I am designing a 4-bit comparator with a look ahead unit using a bit slice approach. I have to break the propagation of the Logical expressions for (A<B)i and (A>B)i. The main question is, could I use the following to simplify the boolean expressions.. The i is a subscript meaning the ith bit. The i-1 is a subscript meaning the bit before the ith bit.

(A<B)i = ~Ai*Bi + ~Ai*(A<B)i-1 + Bi*(A<B)i-1

Could I Take ~Ai common from the first two expressions leaving me with

~Ai*(Bi + (A<B)i-1) + Bi(A<B)i-1

Let's call Bi + (A<B)i-1) = Q

And let's call ~Ai = P

I'm left with P*Q + Q

Using the boolean law that Q + Q*P = Q

Can I simplify the expression to just

(A<B)i = Bi + (A<B)i-1

  • $\begingroup$ I would have preferred a simpler notation. $\endgroup$ Feb 17, 2016 at 8:16

1 Answer 1


No, you cannot simplify to $(A<B)_i = B_i + (A<B)_{i-1}$, Take for example $A=11$ and $B = 10$.

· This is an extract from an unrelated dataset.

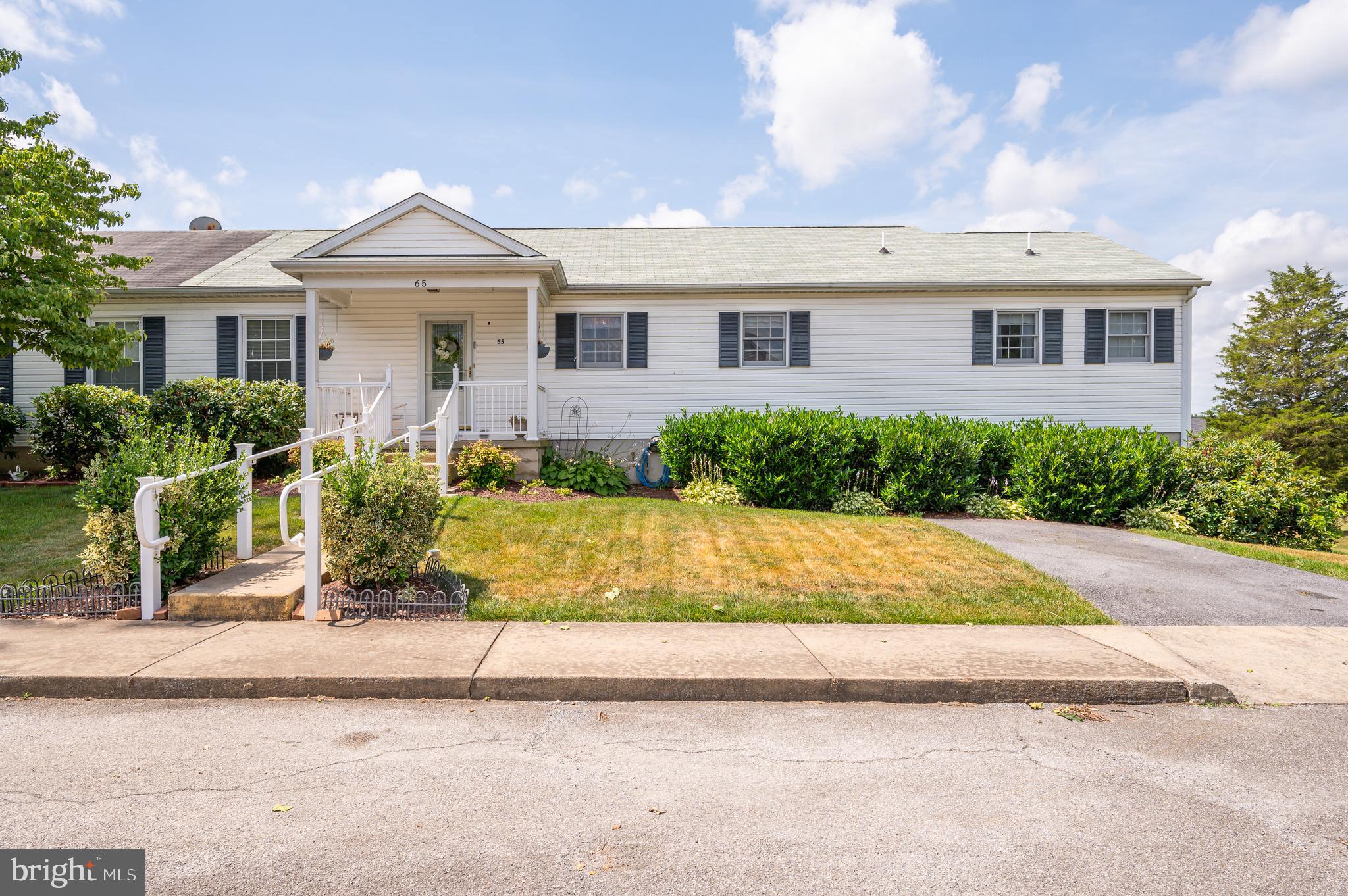 TUSCAWILLA HILLS - Residential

Then $(A<B)_2$ = False, $B_2$ = True, and $(A<B)_1$ = False. If you substitute the values above then the equation is not satisfied. The original equation(s) is correct.

$(A<B)_i = \neg A_i B_i + (\neg A_i+B_i)(A<B)_{i-1}$
$(A<B)_1 = \neg A_1 B_1$

In your derivation of simpler formula, $B_i + (A<B)_{i-1} = Q$ but you are incorrectly substituting $B_i (A<B)_{i-1} = Q$ in rightmost term.